ALLOTMENT OF SHARES:
An allotment, legally, is the company's acceptance of an offer to buy its shares. Thus we can say it is governed by the following rules of the common law relating to contract.
a) Where a company issues a prospectus, the issue is an invitation to treat but not an offer. It is not regarded as an offer because of practical reasons: if it was regarded as an offer where each application made pursuant thereto would constitute an acceptance and the company would be contractually bound to allot all the shares applied for. If the issue was oversubscribed, the company would be sued by the applicants who were not given the shares they had applied for. As this appears to be unjust the English courts have avoided the eventuality by regarding the issue of the prospectus merely as an invitation to treat. Where applications are made that they will constitute offers. The company would then find out how many shares had been applied for and, if the issue is oversubscribed, accept applications which equal the shares available and reject the others. The company would not be sued by those to whom shares have not been allotted because there would be no contract between them and the company. They made offers which were not accepted by the company - and the company could not accept the various offers because it did not have shares to sell.
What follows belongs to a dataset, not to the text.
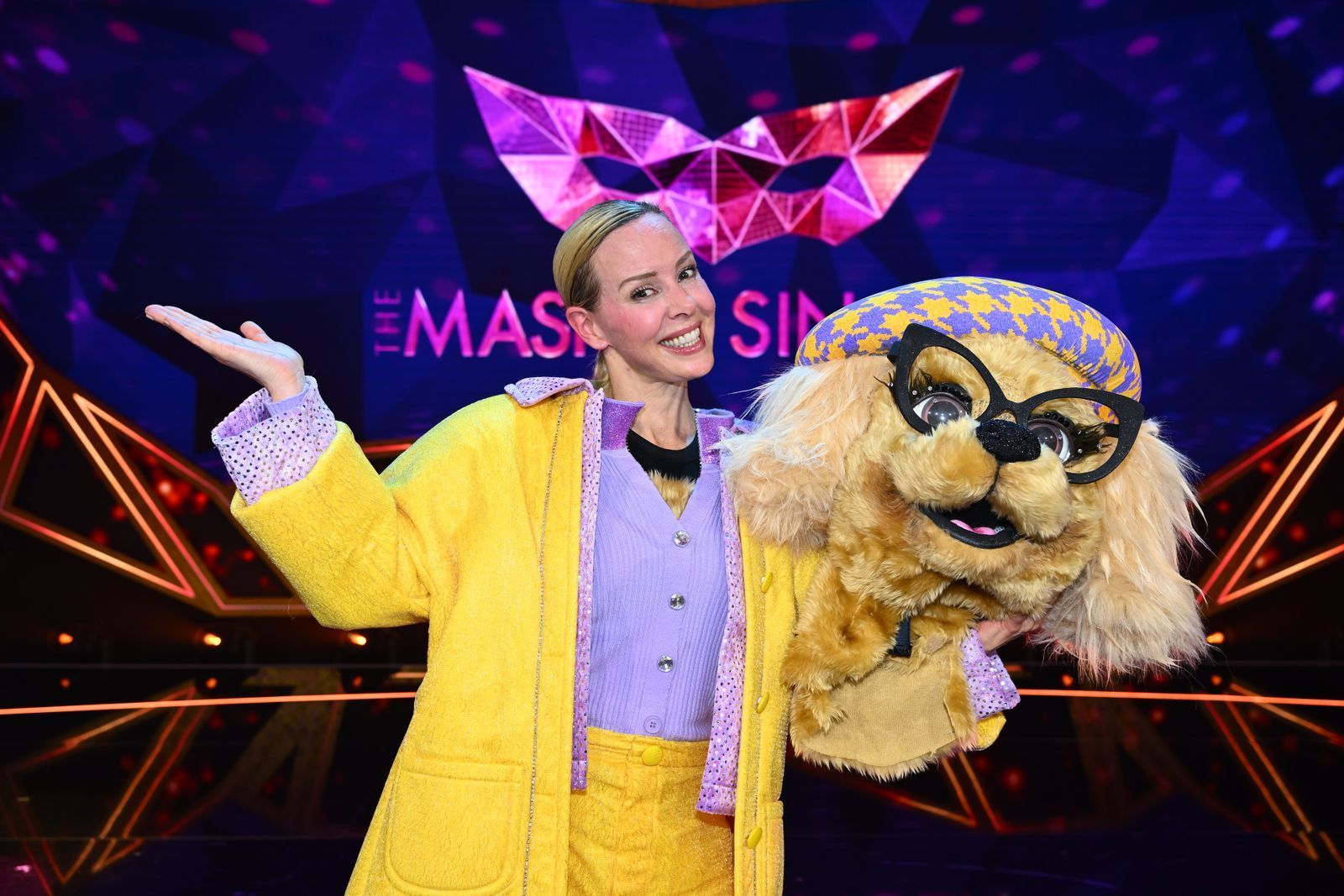 „Es hat so viel Spaß gemacht“: Profitänzerin Isabel Edvardsson wurde als erster Promi enttarnt und musste ihre Maske als Emily Wau lüften. (Bild: Joyn/Willi Weber)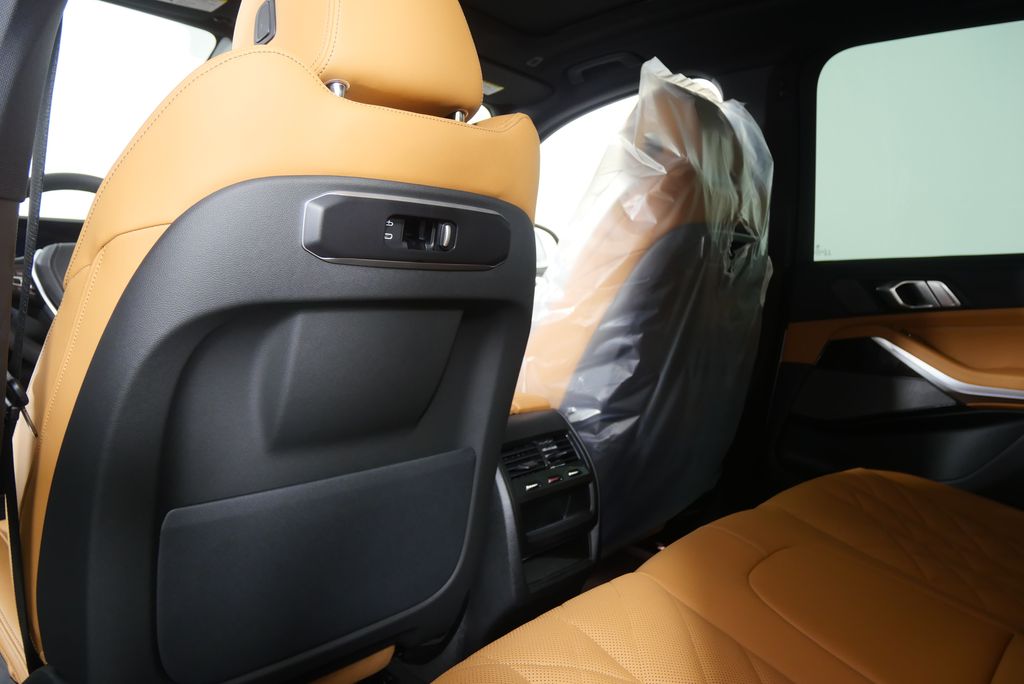 Thumbnail: 2026 BMW X5 - 16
b) The company's acceptance must be unconditional. If, therefore, the application was for 10 shares and only 5 were allotted, the allotment would be a counter-offer which the allottee could reject. But this might be the only reasonable or just thing for the company to do if the issue was over-subscribed. In order to overcome the legal problem, companies invariably prepare application forms which contain a clause to the effect that the applicant "agrees to accept" such number of shares as the company in its absolute discretion may allot to him.
c) The acceptance must be communicated to the applicant. This means that the allottee must actually receive the letter of allotment so that he is aware of the allotment. Whether the letter of allotment is lost in transit there would be no binding contract. However, it was explained in Household Fire Insurance Co. Ltd v Grant (46) that, if the applicant expressly or impliedly authorised the company to communicate the acceptance by post, there would be a binding contract the moment the letter of acceptance is posted. It is irrelevant that the letter was delayed or, as in that case, was lost in transit. In such a case the Post Office would be regarded as the applicant's agent and delivery of the letter of allotment to the post office would legally be equivalent to its delivery to the applicant himself-in accordance with the principles of the law of agency.
d) The allotment must be made within a reasonable time: Ramsgate Victoria Hotel Co v Montefiore (47).